━━━━━ Data excerpts ━━━━━

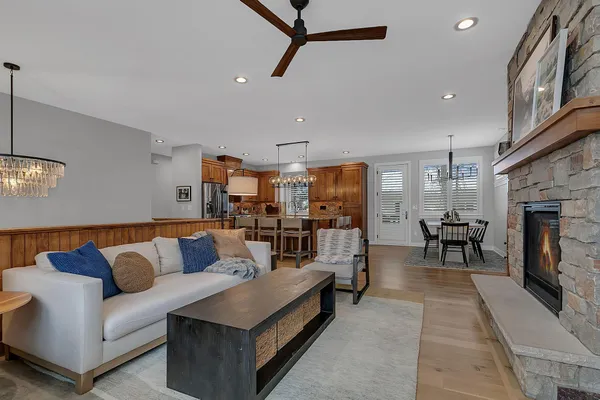 $649,900 | 4672 Walnut Street, Medina, MN 55359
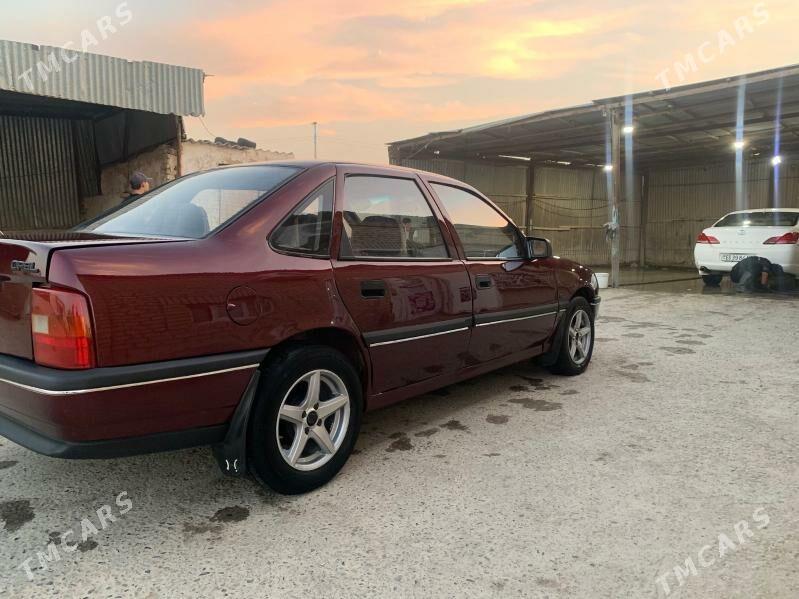 Opel Vectra 1990 - 27 000 TMT - Мары - img 1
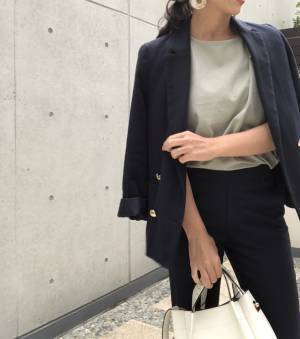 GU「フレアスリーブT」は、990円で大人上品が叶う優秀アイテム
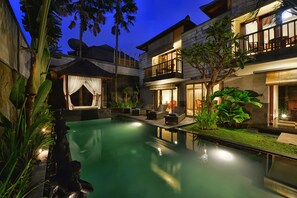 Gazebo - The Khayangan Dreams Villas, Seminyak (Seminyak)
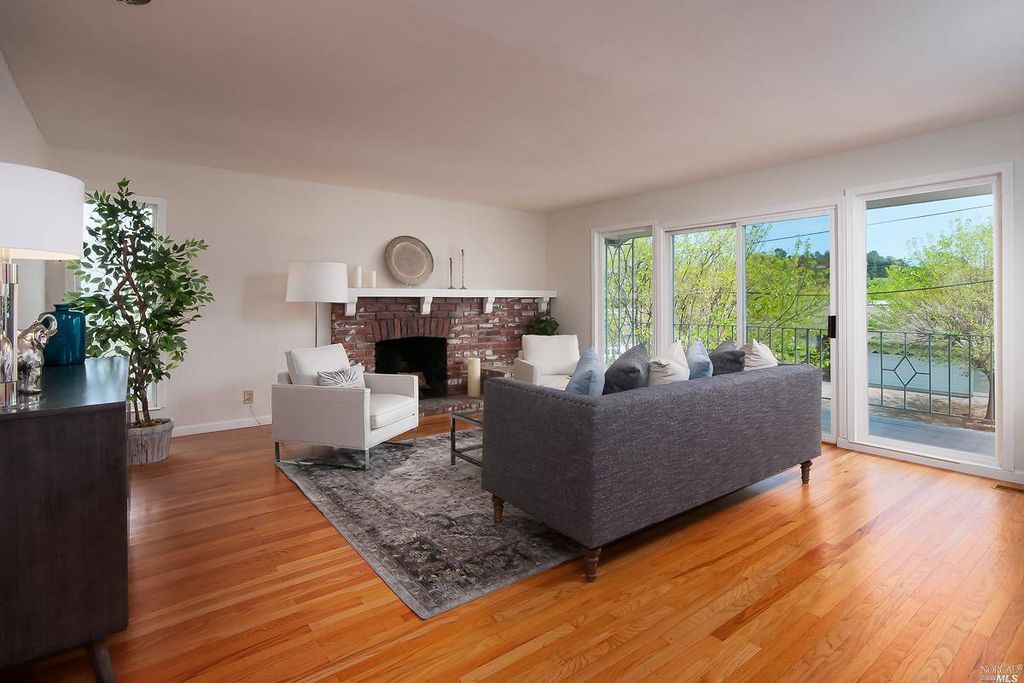 212 Devon Dr, San Rafael, CA 94903 -  $1,075,000 home for sale, house images, photos and pics gallery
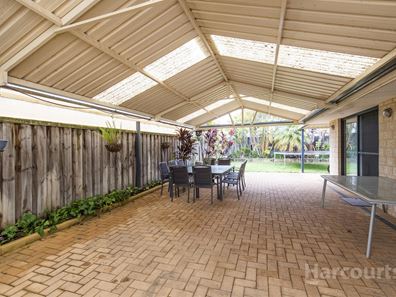 16 Glenelg Way, Meadow Springs WA 6210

━━━━━

Work order -
Without copying the pictures, transcribe the entries exactly.

Finished exercise -
 $649,900 | 4672 Walnut Street, Medina, MN 55359
 Opel Vectra 1990 - 27 000 TMT - Мары - img 1
 GU「フレアスリーブT」は、990円で大人上品が叶う優秀アイテム
 Gazebo - The Khayangan Dreams Villas, Seminyak (Seminyak)
 212 Devon Dr, San Rafael, CA 94903 -  $1,075,000 home for sale, house images, photos and pics gallery
 16 Glenelg Way, Meadow Springs WA 6210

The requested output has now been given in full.